At the blacktop rink he plays on in Hawai'i Kai's Kamiloiki Community Park — one of three on the island — Moylan has had games rained out.
And when the sun's beating down and the trade winds die, Moylan has seen adult players suffer from dehydration while skating in helmets and shoulder and chest pads.
On the Mainland, inline hockey players often drive two to three hours to get to a facility like the one Pentecost is building, Moylan said.
So Moylan won't mind making the trip from Hawai'i Kai to Kapolei.
"To get to a facility like his, it'll be worth it," Moylan said. "It'll boost enthusiasm tenfold for inline hockey, and it'll boost our league members."
Pentecost acknowledged that his project is similar in concept to the Ice Palace in Salt Lake, Hawai'i's only ice rink that hosts ice hockey games, parties, exhibitions and free-skate time.
Anita Owens, the manager of the Ice Palace, says the two businesses might divide some customers involved in both inline and ice hockey, but acknowledged that Pentecost's building "is unique."
"Unlike us," Owens said, "he does have competition from the outdoor rinks. But it is inside and it's air conditioned, so there's that."
As a business, the Ice Palace has suffered from the down economy. But it's also seen a sudden boost in revenue during teacher "furlough Fridays."
"A lot of our school field trips have been canceled because of furloughs and families cutting back on expenses," Owens said. "But on furlough Fridays, we're super busy. We get about 100 people on Fridays when normally we'd be empty."

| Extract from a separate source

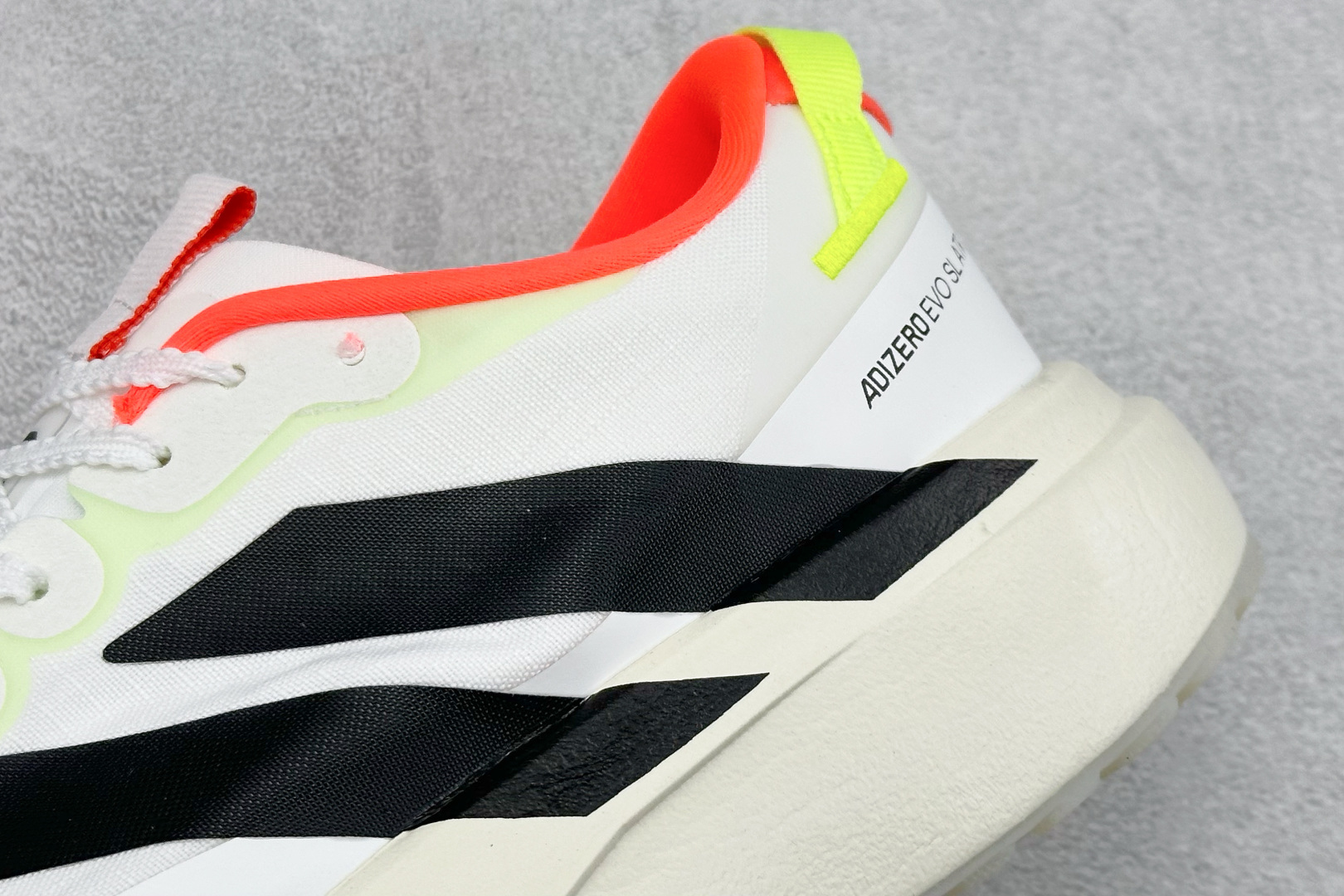 TY版AD ADIZERO EVO SL ATR 阿迪超轻透气缓震跑鞋 KK0328 TY版AD ADIZERO EVO SL ATR 阿迪超轻透气缓震跑鞋 KK0328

Laurie Apiki, the mother of two inline hockey boys from Käne'ohe, said her sons' primary interest has always been the inline form of hockey.
"They like it because it's more challenging," Apiki said. "With a lot of sports, all you do is run, but you don't have to balance on skates. And even a baseball's bigger than a hockey puck, which you both have to hit with another object. Inline hockey requires more skills, balance and coordination and the ability to maneuverer a puck with a stick around opposing players."
Over the years that her sons — Shaun, 10, and Daniel, 23 — have been playing, Apiki has seen too many slippery blacktop surfaces on the Windward Side to allow kids to play safely.
"You cannot skate on a basketball court when it's wet," she said. "Too dangerous. The safety of our kids comes first."
So she's eager to attend her sons' games in the Kapolei Inline Hockey Arenas — rinks that she says will better prepare Hawai'i players for Mainland tournaments.
"It's like that movie, 'Field of Dreams,' " she said. "If you build the facility, the sport will grow."